(Beginning of RECORDS FOR THE TASK)

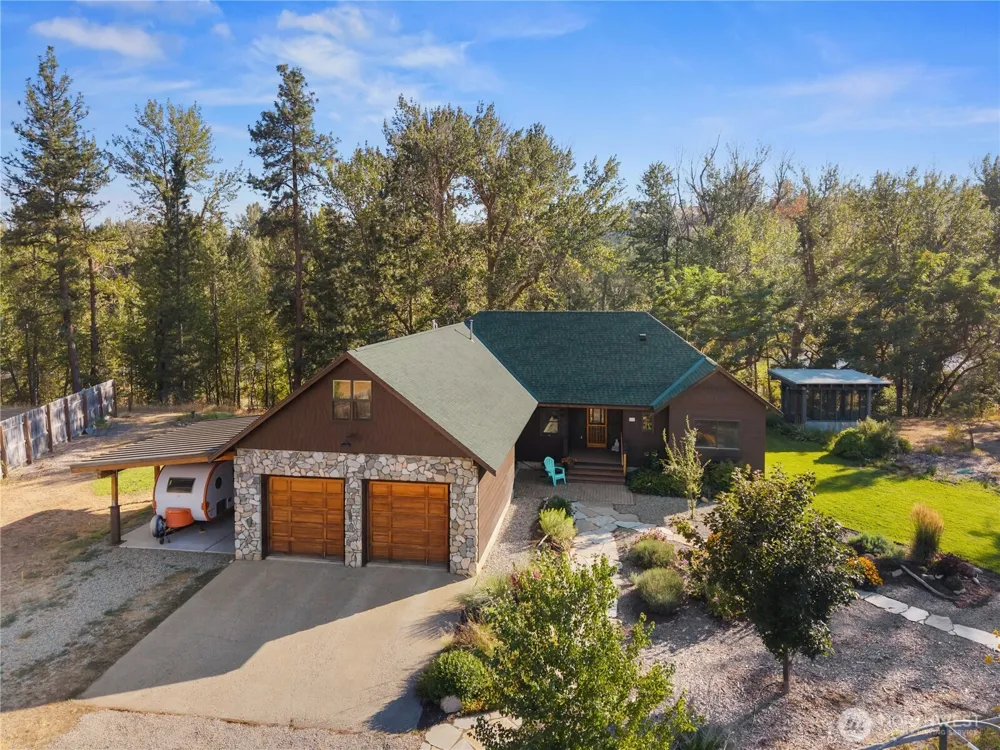 101 Evans Winthrop, WA 98862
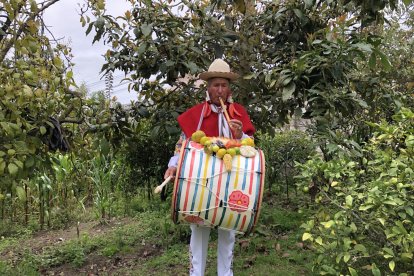 El hombre viste un pantalón blanco con adornos bordados.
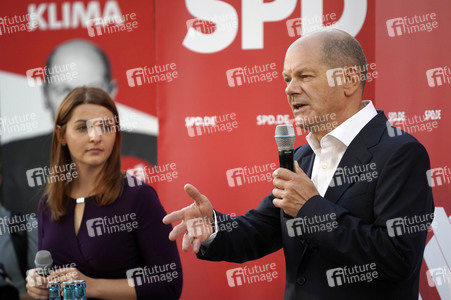 Olaf Scholz und Franziska Giffey beim Zukunftsgespräch in Berlin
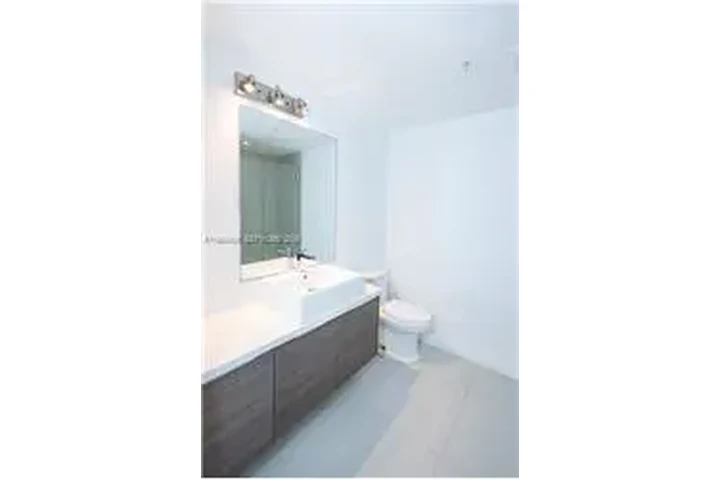 $3900 : Rental property with 2 bedro image 8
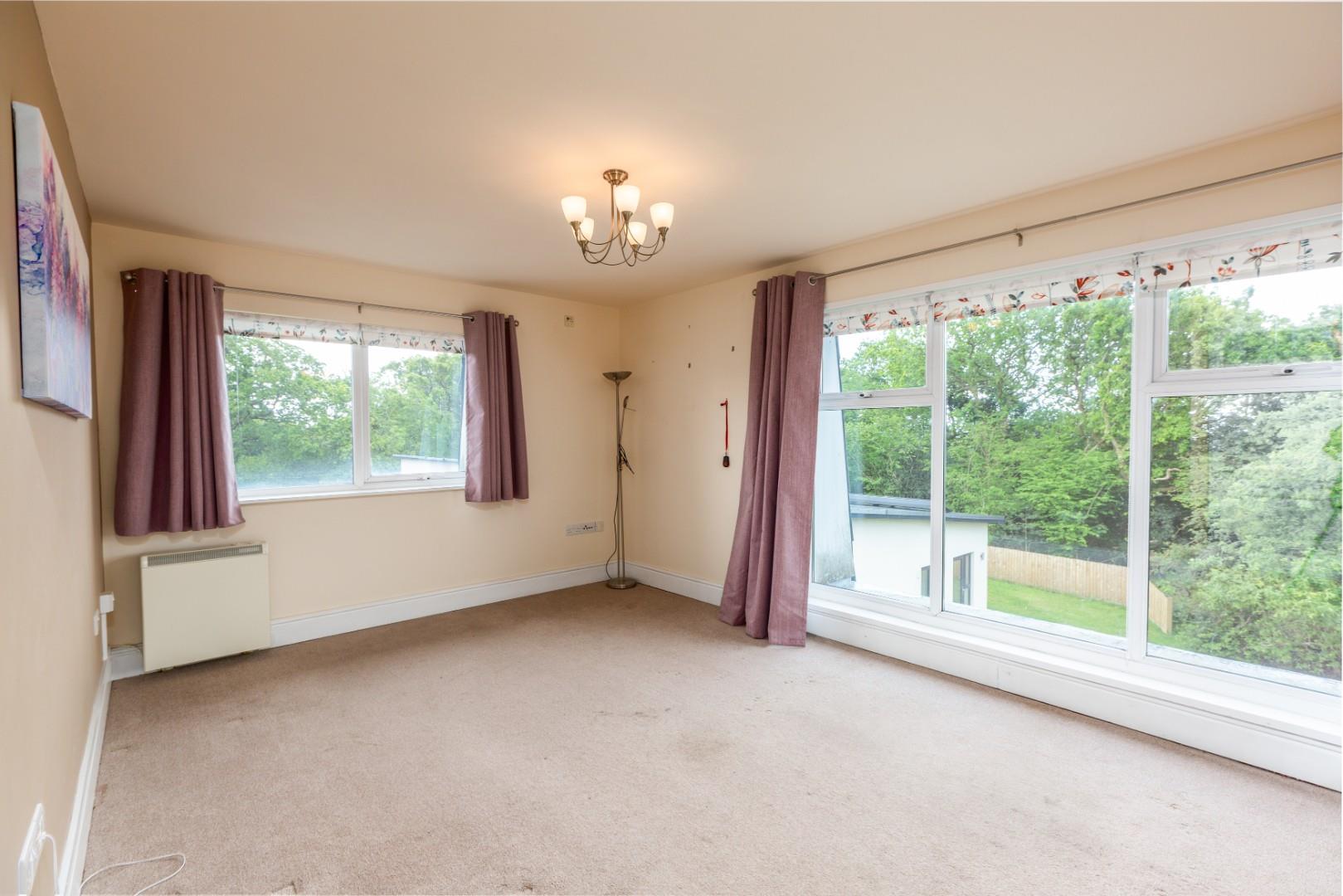 Clyne Common, Swansea, SA3 3JB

(End of RECORDS FOR THE TASK)

* EXERCISE GOAL:
Take the line containing "bedro image 8" and every line after it to the end of the records, and restate them verbatim, with no pictures.

* EXERCISE RESPONSE:
 $3900 : Rental property with 2 bedro image 8
 Clyne Common, Swansea, SA3 3JB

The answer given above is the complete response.